I ended up getting my most important instance recovered after a few reboots, fsck and fixing a few things manually, but I had two others that seem to be unrecoverable. Since each instance is running an entirely different workload, my guess is they had some kind of storage outage that thrashed my virtual disks to death.
-
@sithadmin welcome to MangoLassi!
-
Welcome @sithadmin!
-
@sithadmin said:
Since each instance is running an entirely different workload, my guess is they had some kind of storage outage that thrashed my virtual disks to death.
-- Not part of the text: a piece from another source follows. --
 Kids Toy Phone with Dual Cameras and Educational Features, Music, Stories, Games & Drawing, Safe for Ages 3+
They have that a lot. We've measured their disk IO quite often and it was atrocious. Instead of using scale out cloud storage like CEPH, Gluster or OpenStack they are trying to just use a single SAN to do all of this. They don't know how to build cloud storage and made a newbie mistake as if they'd never done virtualization or storage before. They don't have the architecture now to fix things.
-
@scottalanmiller If that's the case, I wouldn't be surprised at all. It'd difficult to think of something I've seen this provider do the right way.
-
@sithadmin said:
@scottalanmiller If that's the case, I wouldn't be surprised at all. It'd difficult to think of something I've seen this provider do the right way.
No kidding. When we first did a dmidecode on one of these VMs and saw that it was VMware we questioned what else could be wrong. Why a cloud provider would be paying a massive premium for a VMware platform when Xen, KVM and HyperV are all free makes no sense, especially when Linux is the only workload option that CloudatCost had (check the threads as to why Windows isn't legally an option on CloudatCost.) So VMware cost a fortune and crippled them in performance.
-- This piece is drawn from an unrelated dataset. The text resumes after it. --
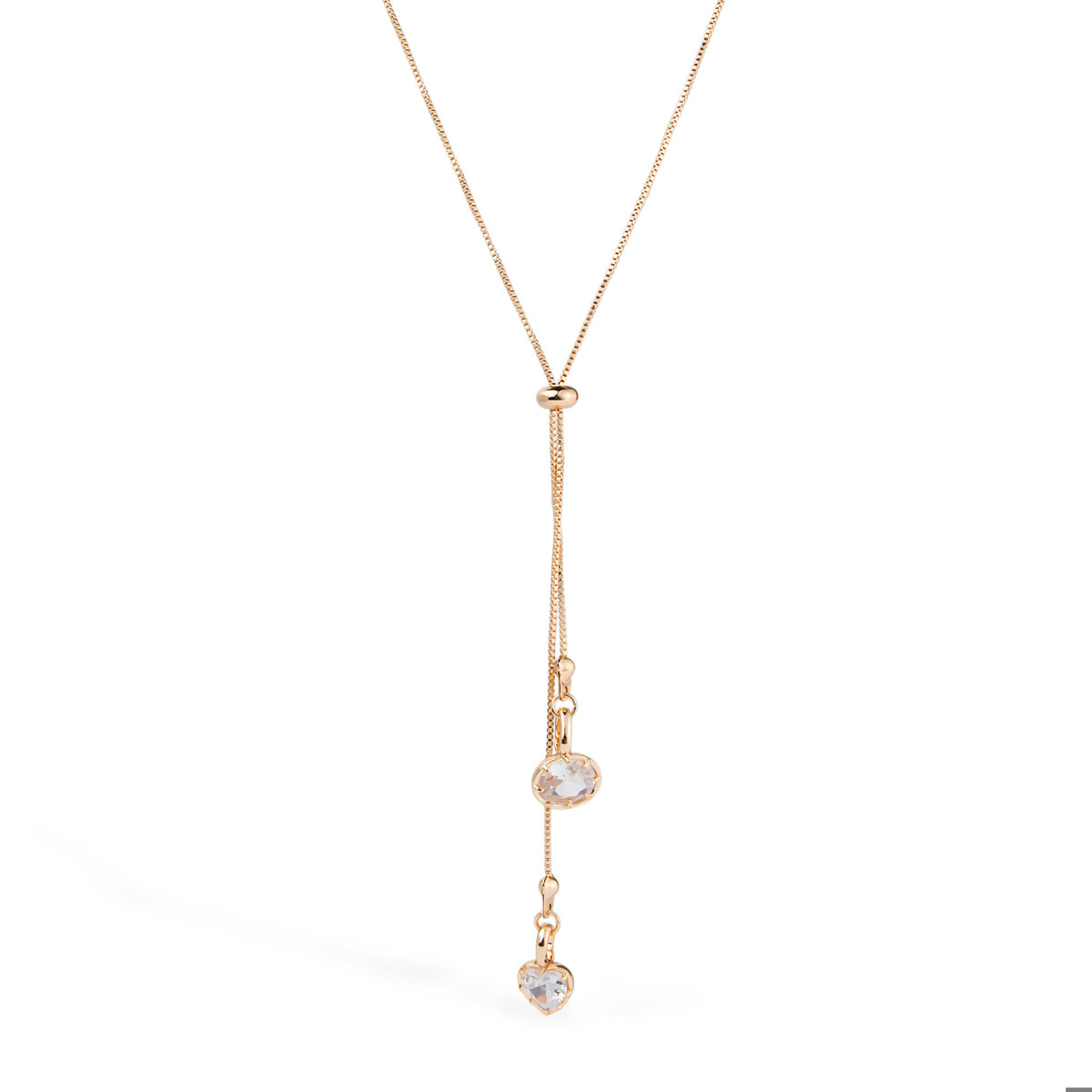 Collar ajustable con circonias colgantes en corazon y ovalada 17mm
Answer that we came up with then - that CloudatCost lacked the technical skills to run OpenStack or other serious cloud platform. So they were doing this to try to "buy" their way out of lacking IT skills.
It was later than we found out about the SAN issue. But it was more of the same. I'm sure they had no idea how storage for a cloud was to work and instead of learning about it, they called up a storage vendor and the sales person designed the storage for them. By the book mistakes one after another.
-
I am surprised they are still online at all.
-
@IRJ said:
I am surprised they are still online at all.
Why? I mean they are redundant after all lol...
-
@thecreativeone91 said:
@IRJ said:
I am surprised they are still online at all.
Why? I mean they are redundant after all lol...
The only thing that is redundant is their outages
-